In 2020 we unveiled six fine stained glass windows which chart the history, spirituality and mission of the parish. Each of these saints inspire a different part of our work at St Patrick’s.
St Therese of Lisieux
So much of modern life witnesses discussion about love, of how we can find it and how hunger for it can be satisfied in our lives. Inevitably this produces false loves which can lead to the unhappiness and brokenness of many of our brothers and sisters. St Therese of Lisieux, who died tragically of tuberculosis at the age of 24, entered her convent at the age of 15. She is perhaps the best known and most loved of all modern saints and speaks to us of the very simple equation of love.
She understood in her unique and individual way what it means to receive the love of God and to reach out to our brothers and sisters with that same love. She never left the convent after she entered but we hold her up as the patroness of the missions. This means that wherever the Gospel of Christ is preached in our world, from the Arctic to the Antarctic, from the Pacific to the Atlantic, St Therese is there informing and speaking to us of God’s love and she continues to do so here in Soho.
St Francis of Assisi
‘Il Poverello’ meaning ‘the little poor one’ was the name given to Francis of Assisi. He now stands high in St Patrick's church and was chosen because of the many generations of Italians who have lived in Soho, run restaurants, ‘duck and dived’, come to Mass and brought wonderful foods to this neighbourhood. St Francis of Assisi was a radical Christian because he saw the presence of God in all situations and people. He saw how the birds, the bees, the flowers of nature, warring peoples and corrupt Churchmen could all find their way to being embraced and loved by God. His radical embrace of poverty meant that he had nothing except his love of Christ and desire to show Christ to the people of his time.

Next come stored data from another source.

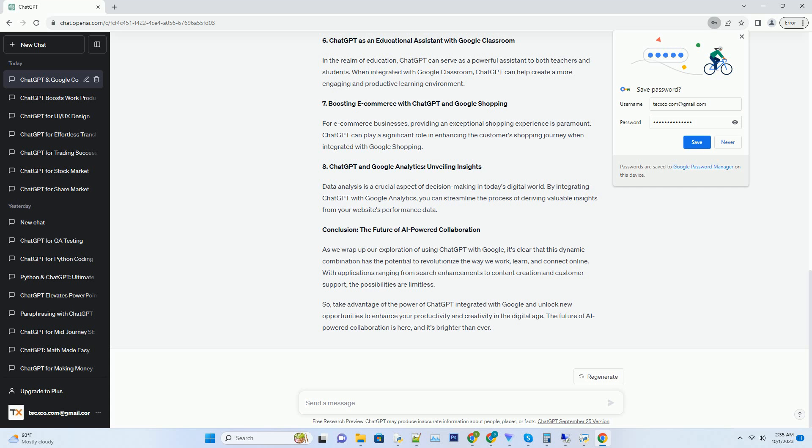Number 6: ChatGPT as an Educational Assistant with Google Classroom. In the realm of education, ChatGPT can serve as a powerful assistant to both teachers and students. When integrated with Google Classroom, ChatGPT can help create a more engaging and productive learning environment.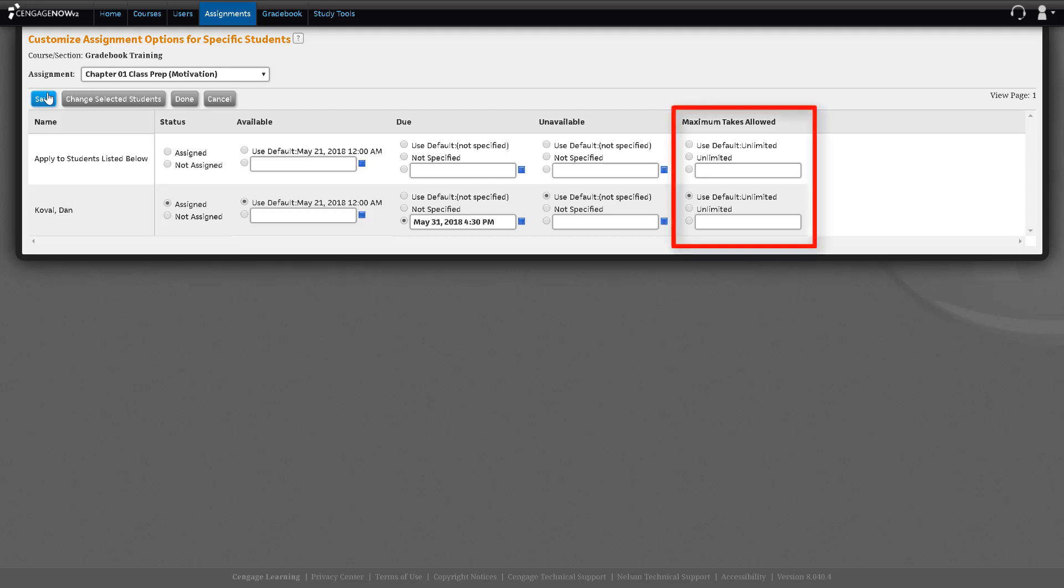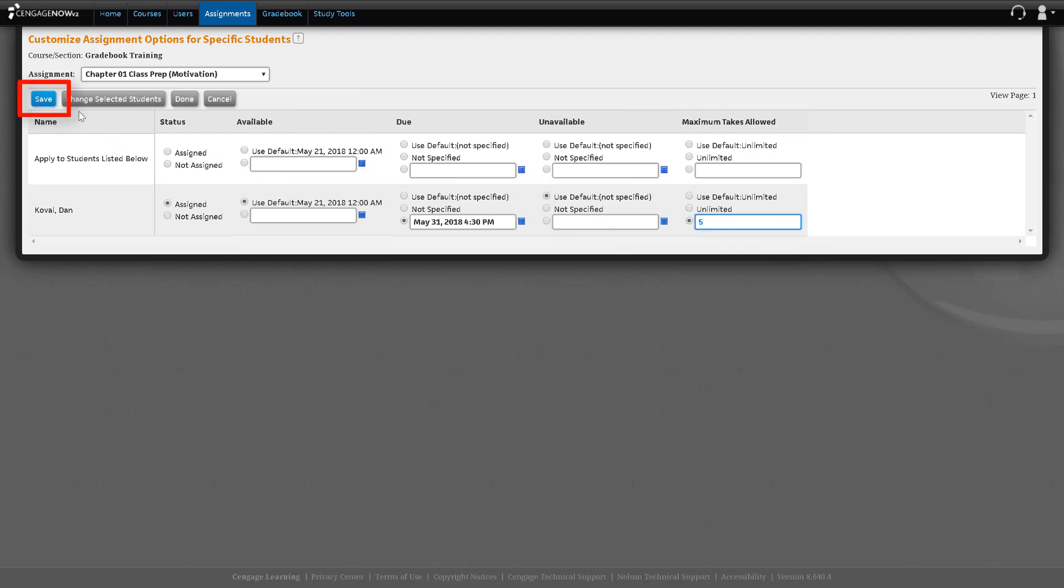Under Maximum Takes Allowed, click on the radial button and either select Unlimited or type in the number of attempts allowed. Click Save.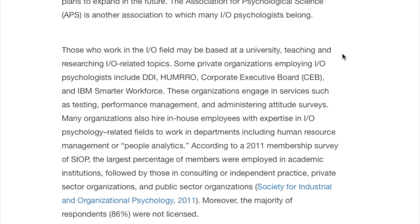According to a 2011 membership survey at the SIOP, the largest percent of members were employed in academic institutions, followed by those in consulting or independent practice, private sector organizations, and public sector organizations. Moreover, the majority of respondents, 86 percent, were not licensed.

The beauty and simplicity of poverty is not an easy concept but its tragic narrative marks Soho and the West End. It has done so for many years, from Hogarth’s Gin Lane, the tales of Charles Dickens who used the streets of Soho as his material for his tales of inner-city poverty, to the mass ranks of soldiers demobbed after the trenches of the First War who gathered in Trafalgar Square. For all, what marks them is that they have a radical closeness to Christ. We may think of this part of London as being paved with streets of gold and, while that is true, poverty waltzes in a tragic embrace with glamour on these streets.
St Teresa of Calcutta
At present, the parish feeds the poor, vulnerable, and homeless six days out of seven and at the height of the pandemic in April and May 2020 we were reaching out to perhaps 350 people every day. This apostolic work is something that is not new, indeed it has marked the parish from its foundation in 1792 but has perhaps in recent years taken on a different guise.
Mother Teresa of Calcutta could be considered a modern-day Francis and continues to inspire from Heaven those who would like to make the world a better place. The thirst for love in the human soul is most marked in those who are discarded and despised. She has inspired many to bring love and to meet love in the poorest of the poor and is a regular participant in our work with those suffering from addiction, the homeless, and those simply burdened by the terrible weight of loneliness.

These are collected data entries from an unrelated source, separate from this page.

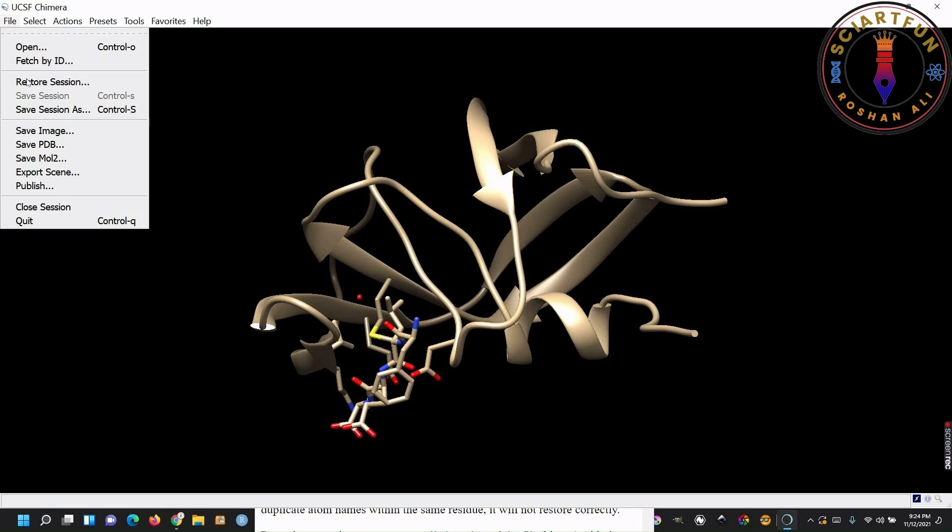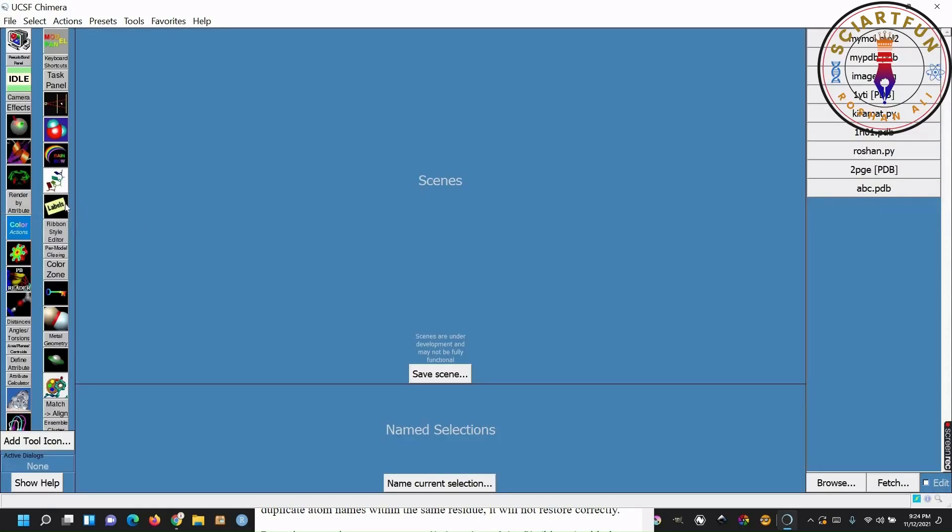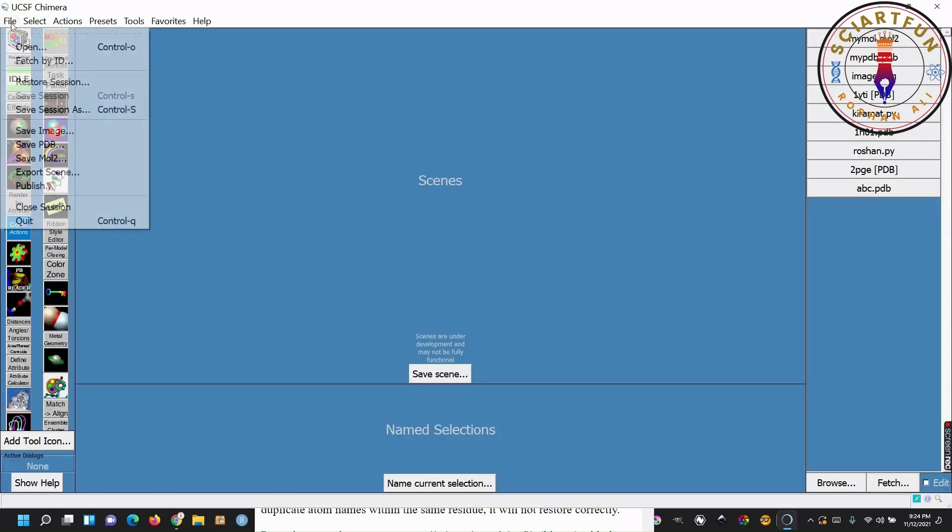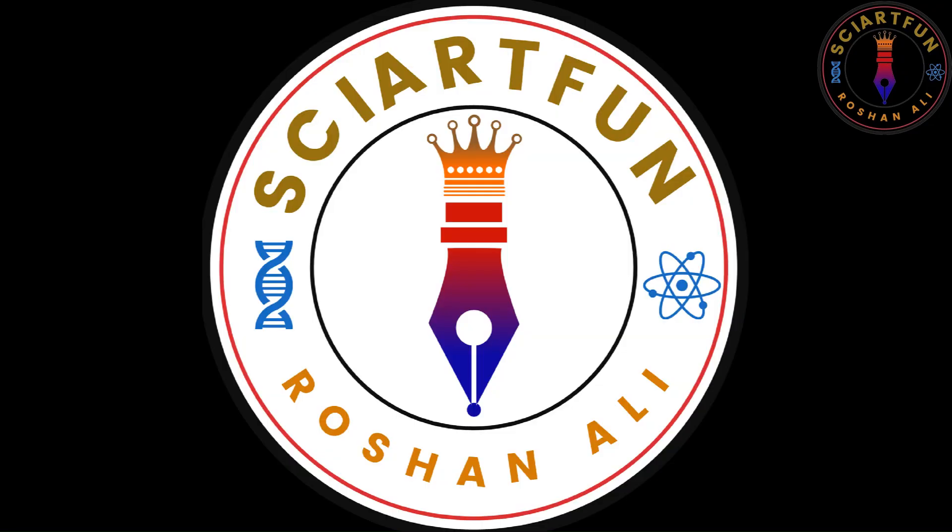Now let's close Chimera. Just go to file, click on quit. Your Chimera is closed now. So this was all about the file menu. In my next lesson, we will inshallah learn about the select menu.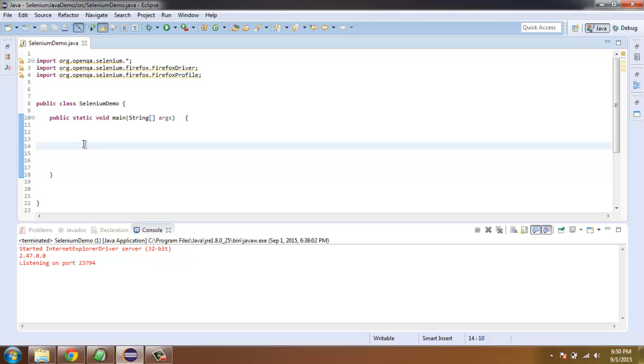Hi there, in this video I am going to show you how you can perform localization testing with the help of language profiles in Firefox. For that we are going to do this test in Selenium Java WebDriver.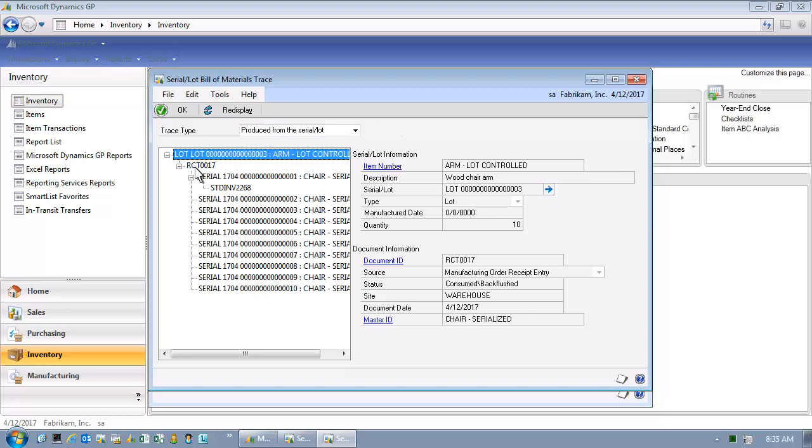The picture is becoming clearer. Let's recap. A vendor has sent us material. That material is lot controlled, that material is defective, and the vendor has let us know which lot is defective. We have traced this particular lot into the production of a serialized item. The serialized item is represented on the screen, and because I have expanded the record, I know that this serialized item was shipped out on a particular invoice, STD INV 2268.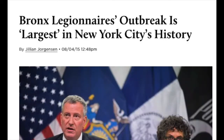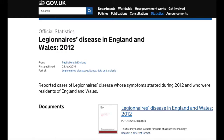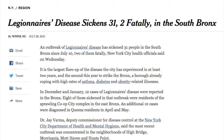Today we're going to talk about a recent topic that was tested on the USMLE, and that is Legionella. It's no surprise it was tested — it's been tested in the past and will be tested in the future. There was a recent outbreak in 2012 in the UK, sporadic incidences in the US for the last few years, and as recently as 2015 there was a big outbreak in New York City where a few people unfortunately died.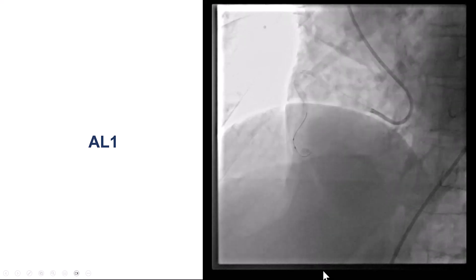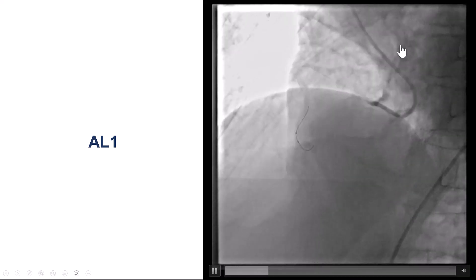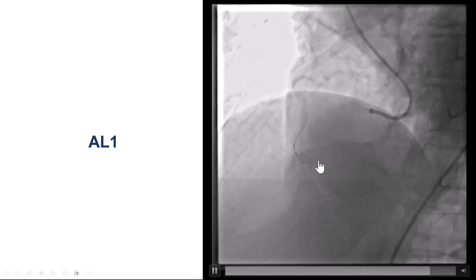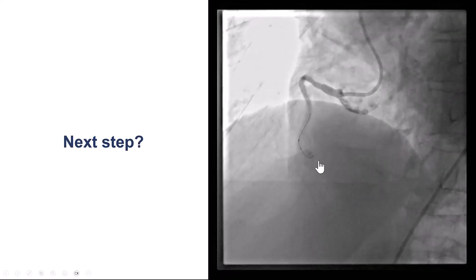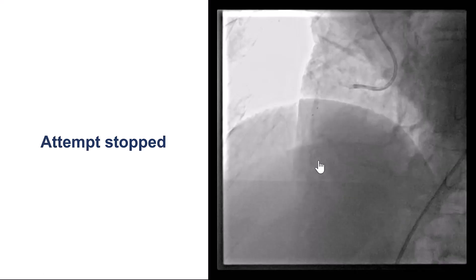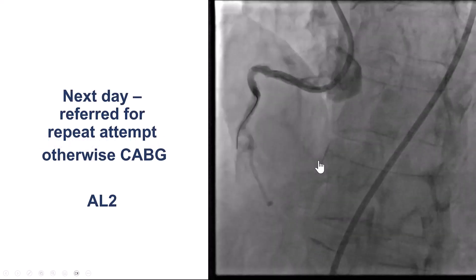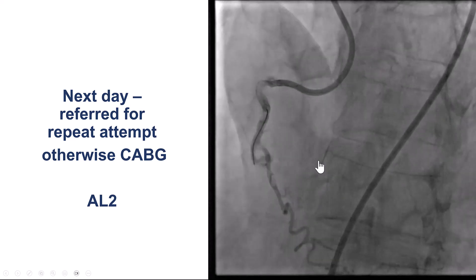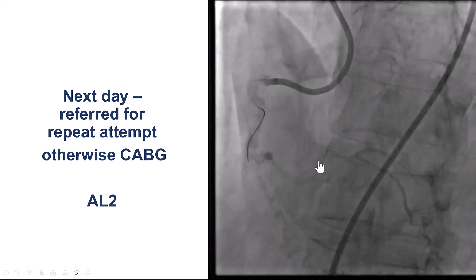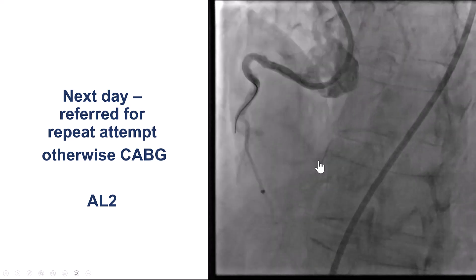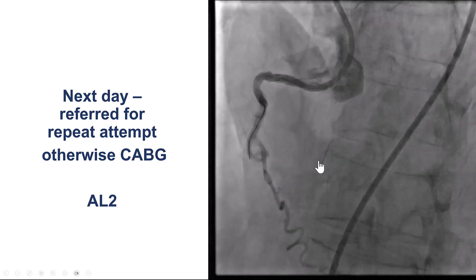After doing that, there was an attempt to open the right coronary artery using an AL-1 guide through femoral access, with an over-the-wire balloon. There was poor support with the over-the-wire balloon. This could not be re-canalized, so the attempt was stopped and the patient was referred for surgical evaluation. The surgeons accepted to do surgery; however, they recommended a repeat PCI attempt, and this is when the patient came to our lab.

Venerable Mother Magdalene Taylor
Venerable Mother Magdalene Taylor was a remarkable woman for her time. As a daughter of an Anglican parson, she went to nurse in the Crimea as a companion of Florence Nightingale. Interestingly another resident of the Square was Anne Seacole who had also been a great pioneer during that war.
Mother Magdalene became a Catholic as she nursed the dying soldiers and started to gather around her companions to share in the work of reaching out to the poor and destitute. Unsurprisingly, when she returned to London, Soho, its slums and poor was a place where she started her work. We see her in the window talking to a young girl caught up in the world of prostitution.
St Damian of Molokai
St Damian of Molokai went from Belgium to the leper colony of Molokai close to Hawaii in the Pacific in the middle of the 19th Century. It was a colony of total chaos, crime, prostitution, disorder, and self-loathing. Damian was able to harness the action of the Holy Spirit to change that place into one of order, respect, family life and most important – dignity in death. He also died of leprosy but had shifted the attitudes of so many contemporaries to accepting leprosy, not as a cause of civil division and hatred but a force of nature that needed to be confronted by prayer, good medicine, and human respect.
Damian stands high in the church of St Patrick’s as he continues to influence and form us in how we should value and nurture human life and particularly to reach out to Christ those who are most broken, sick, and disfigured by the unpredictable forces of nature, not least many of the viruses of modern times.